▸ **Aim of the exercise**:
Write the entries out again exactly; any picture among them gets left out.

(Saved data entries)
----------
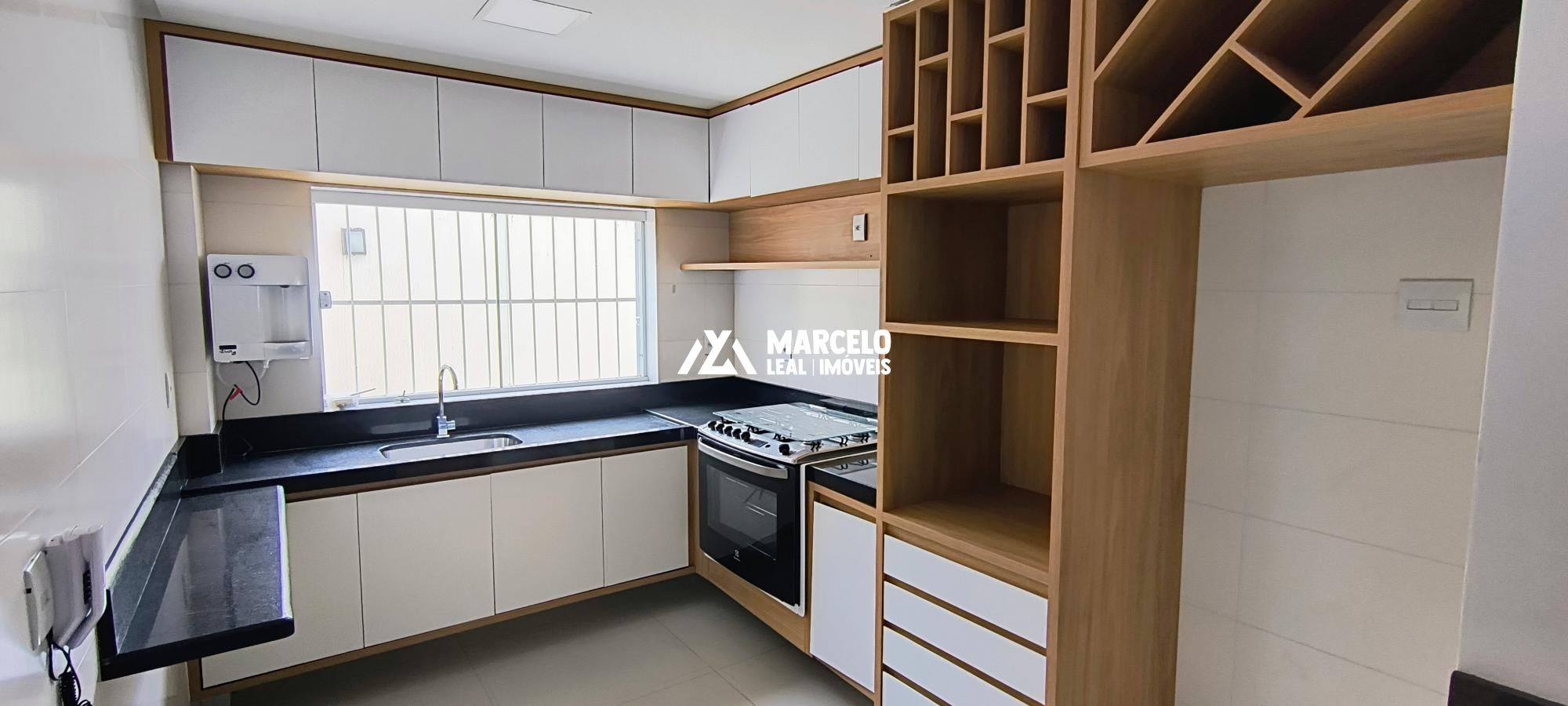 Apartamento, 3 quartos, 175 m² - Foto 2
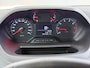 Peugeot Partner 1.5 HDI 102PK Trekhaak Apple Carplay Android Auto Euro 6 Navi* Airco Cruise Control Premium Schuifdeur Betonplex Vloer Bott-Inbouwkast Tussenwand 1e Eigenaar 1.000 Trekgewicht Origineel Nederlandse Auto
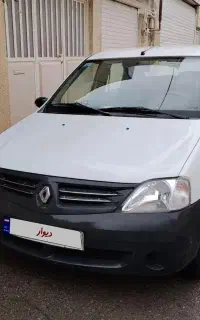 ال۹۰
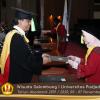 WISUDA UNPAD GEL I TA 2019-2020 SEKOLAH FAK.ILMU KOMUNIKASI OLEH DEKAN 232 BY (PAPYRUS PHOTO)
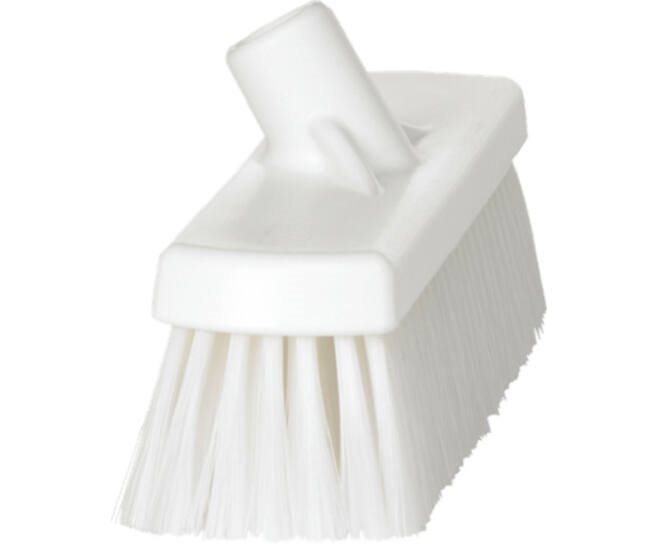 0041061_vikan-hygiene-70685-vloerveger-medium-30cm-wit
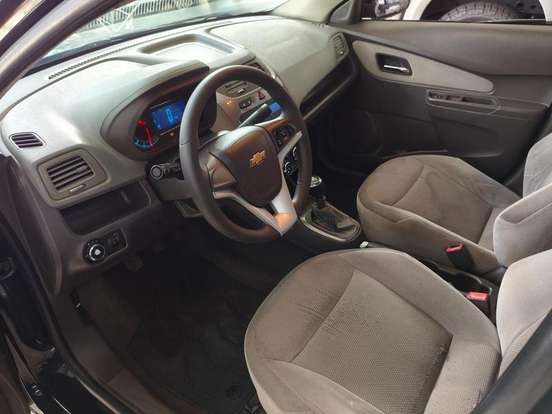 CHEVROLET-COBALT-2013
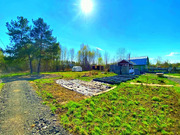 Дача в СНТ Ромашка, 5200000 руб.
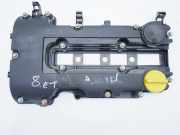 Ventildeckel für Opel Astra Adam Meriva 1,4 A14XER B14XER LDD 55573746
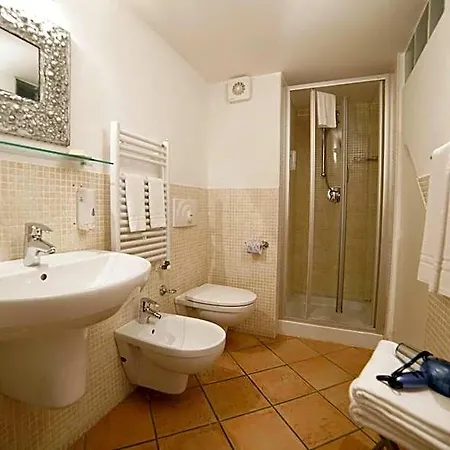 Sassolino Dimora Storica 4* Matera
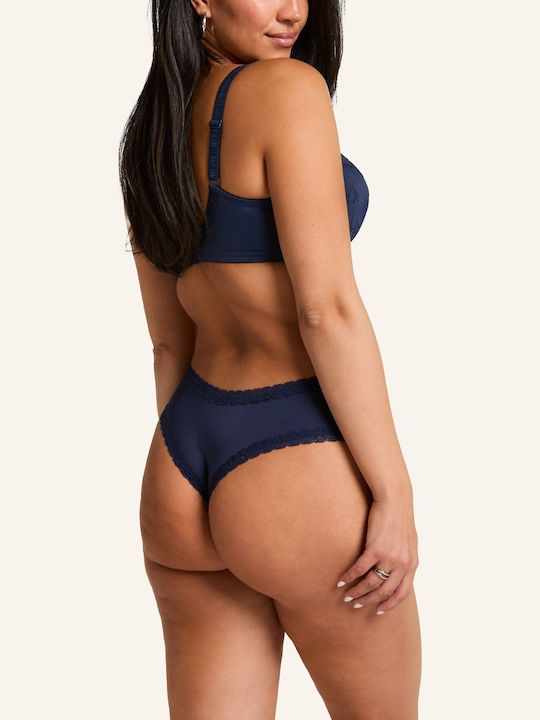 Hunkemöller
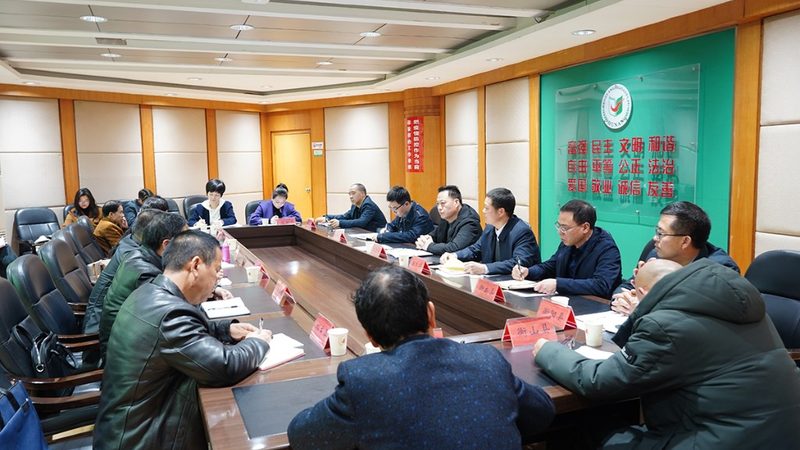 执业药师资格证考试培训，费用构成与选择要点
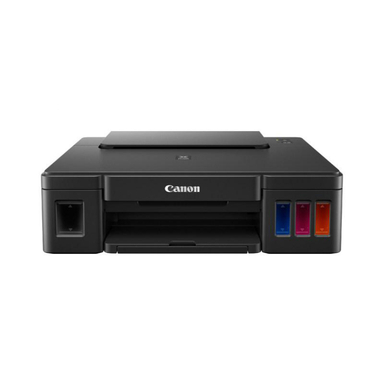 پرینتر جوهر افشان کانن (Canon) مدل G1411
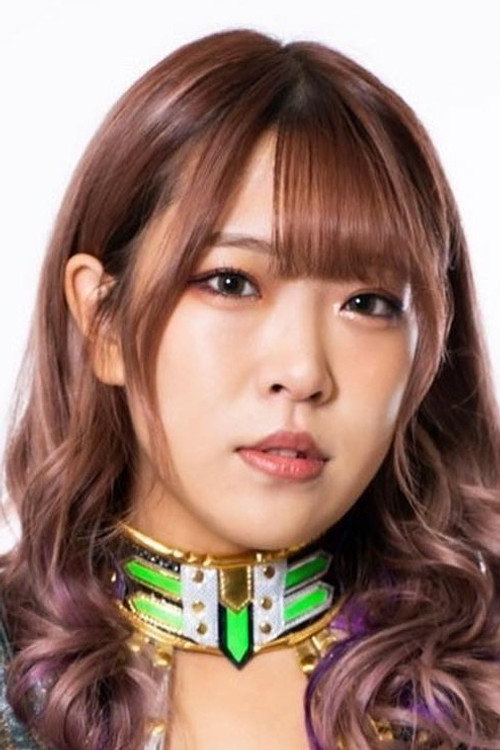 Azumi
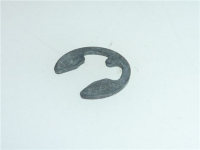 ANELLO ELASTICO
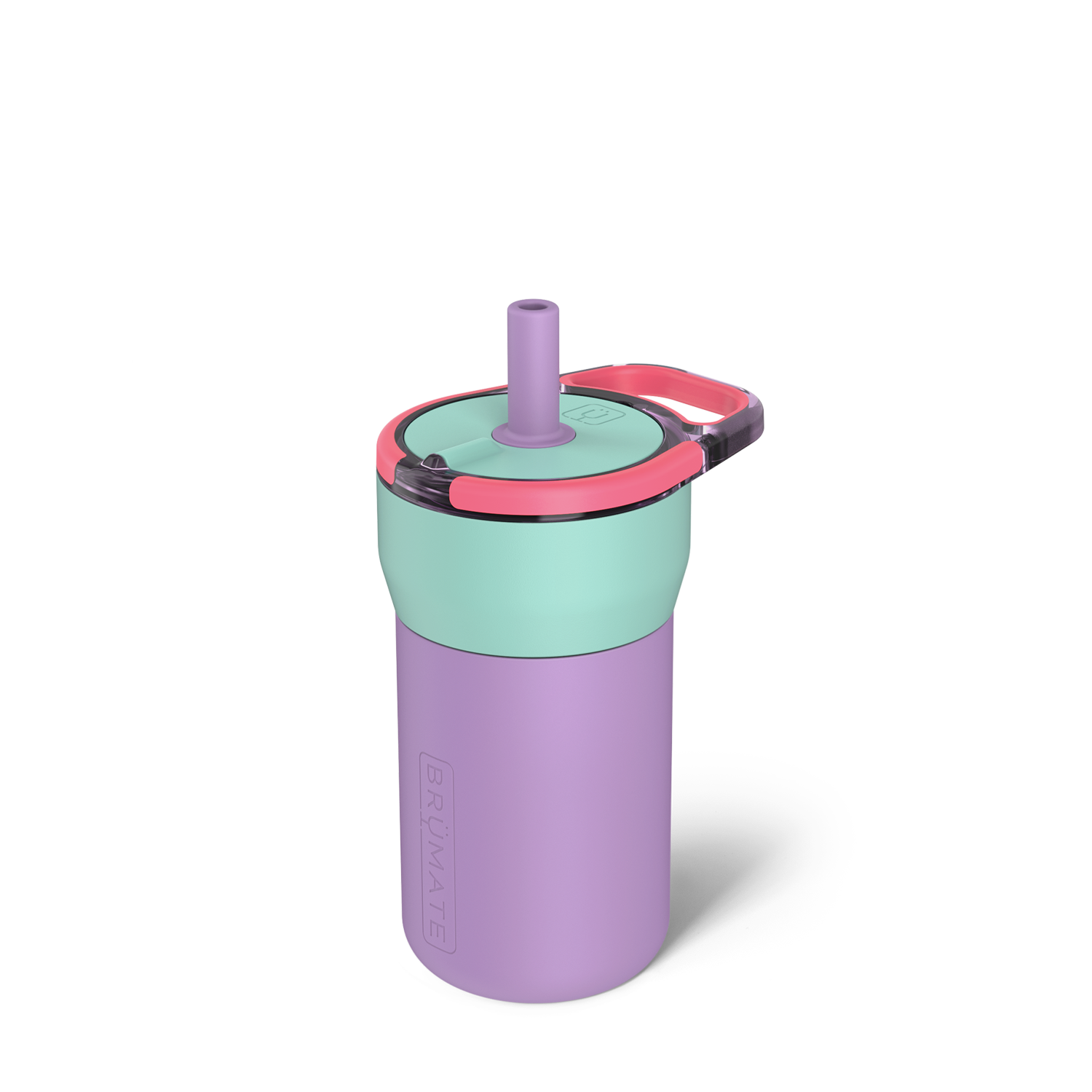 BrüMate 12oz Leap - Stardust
----------
▸ **Reply to the task**:
 Apartamento, 3 quartos, 175 m² - Foto 2
 Peugeot Partner 1.5 HDI 102PK Trekhaak Apple Carplay Android Auto Euro 6 Navi* Airco Cruise Control Premium Schuifdeur Betonplex Vloer Bott-Inbouwkast Tussenwand 1e Eigenaar 1.000 Trekgewicht Origineel Nederlandse Auto
 ال۹۰
 WISUDA UNPAD GEL I TA 2019-2020 SEKOLAH FAK.ILMU KOMUNIKASI OLEH DEKAN 232 BY (PAPYRUS PHOTO)
 0041061_vikan-hygiene-70685-vloerveger-medium-30cm-wit
 CHEVROLET-COBALT-2013
 Дача в СНТ Ромашка, 5200000 руб.
 Ventildeckel für Opel Astra Adam Meriva 1,4 A14XER B14XER LDD 55573746
 Sassolino Dimora Storica 4* Matera
 Hunkemöller
 执业药师资格证考试培训，费用构成与选择要点
 پرینتر جوهر افشان کانن (Canon) مدل G1411
 Azumi
 ANELLO ELASTICO
 BrüMate 12oz Leap - Stardust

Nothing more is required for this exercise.